Published in New York by Harper & Brothers, the first American edition of Moby-Dick was available in major U. S. cities a few days before the official release date of November 14, 1851. Less than two months later, a remarkably Melvillean literary apostrophe to “110 Mile Creek” on the Santa Fe Trail graced the January 1852 installment of “Scenes Beyond the Western Border” (1851-3). The tribute to “Hundred-and-ten” included three consecutive words (grassy + glades + oh) that Melville had distinctively combined in the “Gilder” chapter of Moby-Dick, in the same order.

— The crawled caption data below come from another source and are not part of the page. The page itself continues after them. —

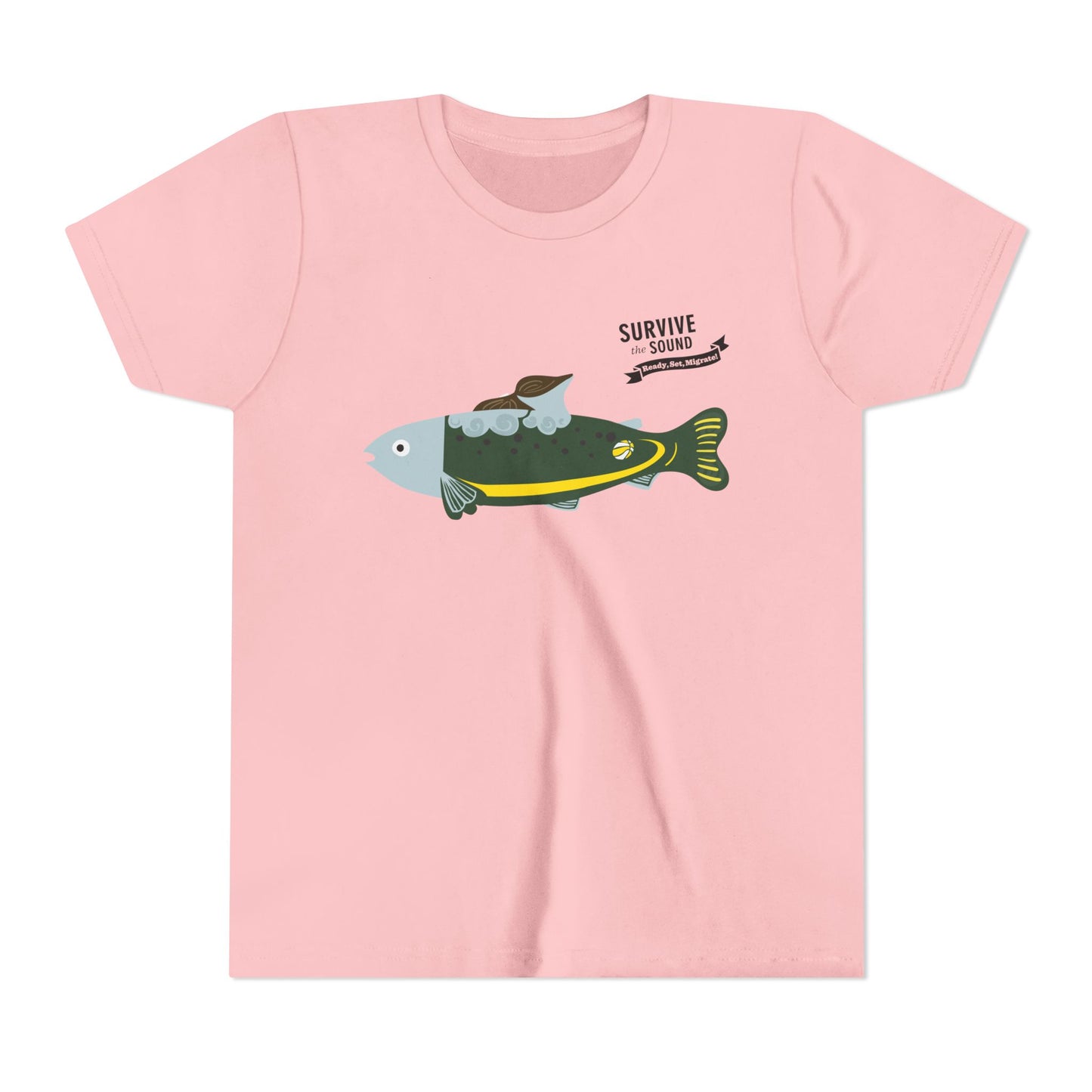 Stormy Youth Tee
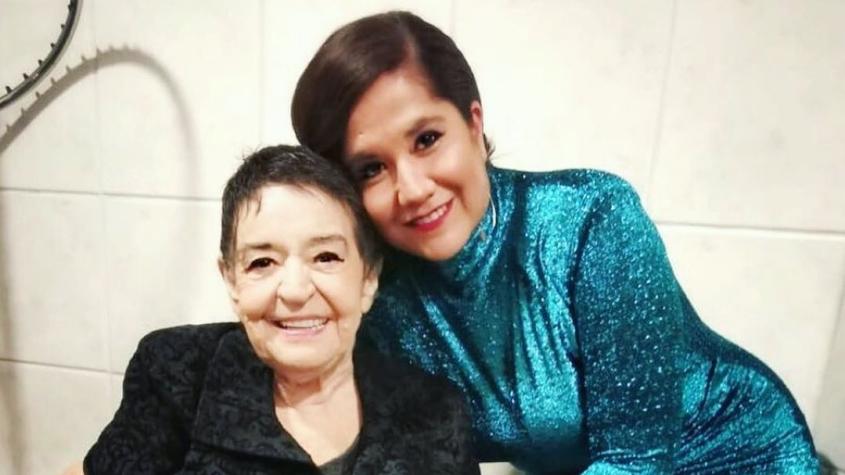 "Va a ser incomparable aquí y donde esté ahora": Carolina Soto habla de su relación con Cecilia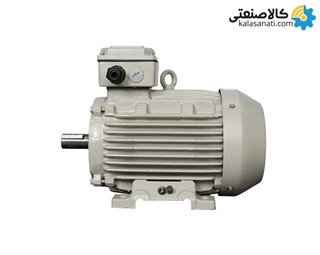 الکتروموتور موتوژن سه فاز 2.2 کیلووات 3 اسب چدنی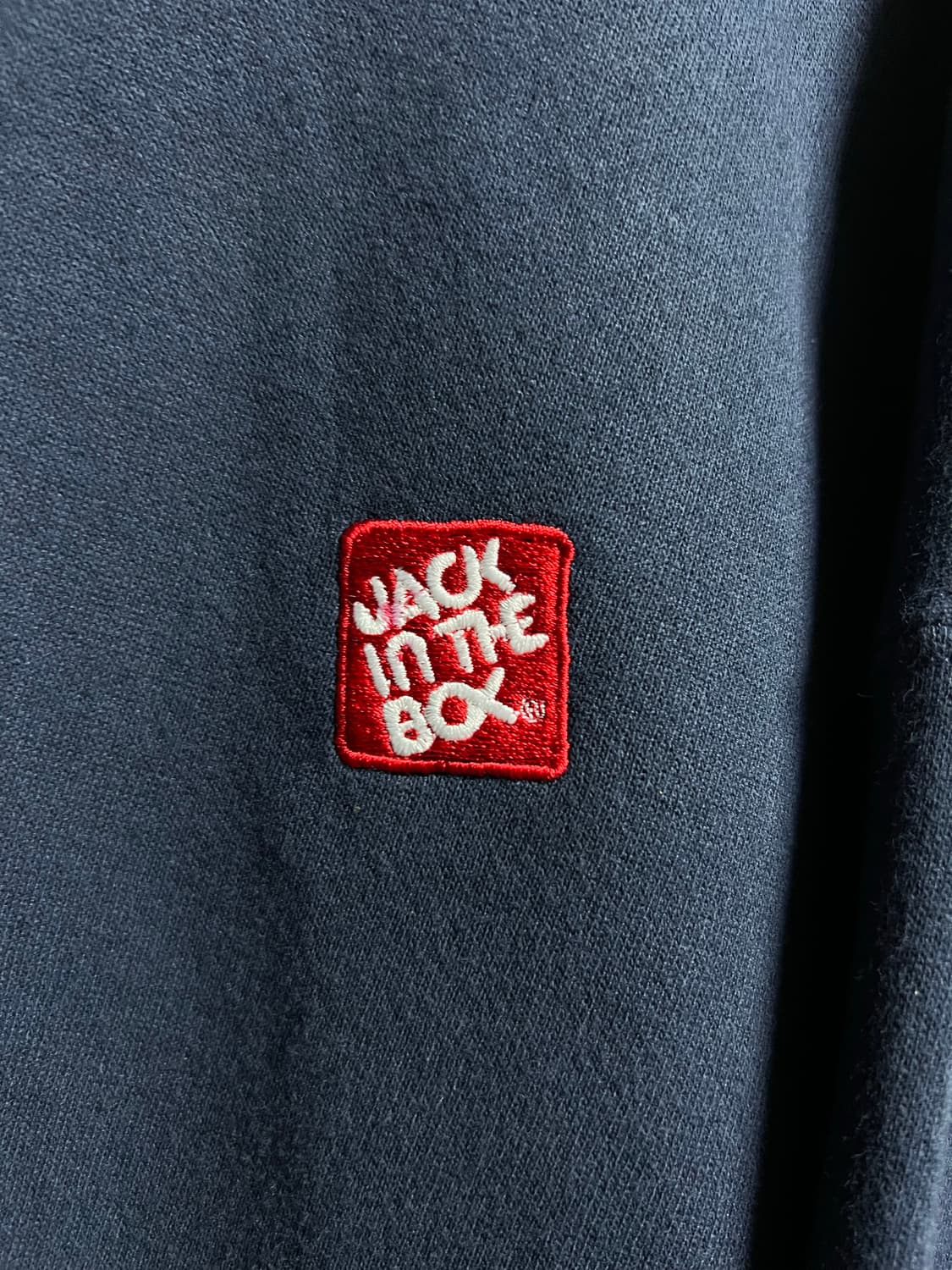 빈티지 Lee 잭 인 더 박스 맨투맨 상품이미지3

“110 Mile Creek.”— Welcome as palm groves to the desert traveller,—as the bearer of glad tidings to the anxious soul,—welcome as home to the troubled and weary spirit,—so welcome thy forest, thy waters and grassy glades, oh ! “Hundred-and-ten !”3
Both texts feature the literary device called apostrophe, “a turning away” from the reader or other audience, helpfully defined on Poets.org as “a direct address of an inanimate object, abstract qualities, a god, or a person not living or present.” In “The Gilder,” Melville’s speaker (Ahab seemingly, though not certainly) is overheard to address plural “grassy glades,” abstractly regarded as happy places for the immortal human spirit. In accordance with literary convention, no real “grassy glades” are supposed to be present in Melville’s figuration. We’re all still on the Pequod. The larger significance of these “grassy glades” as intimations of immortality, glimpses of paradise, becomes manifest in the clause that begins with a second “oh,” addressing the same abstraction in ampler but equally poetic language as “ever vernal endless landscapes in the soul.” For good measure, as if this were a Hallmark movie, Melville throws in some horses cavorting in clover.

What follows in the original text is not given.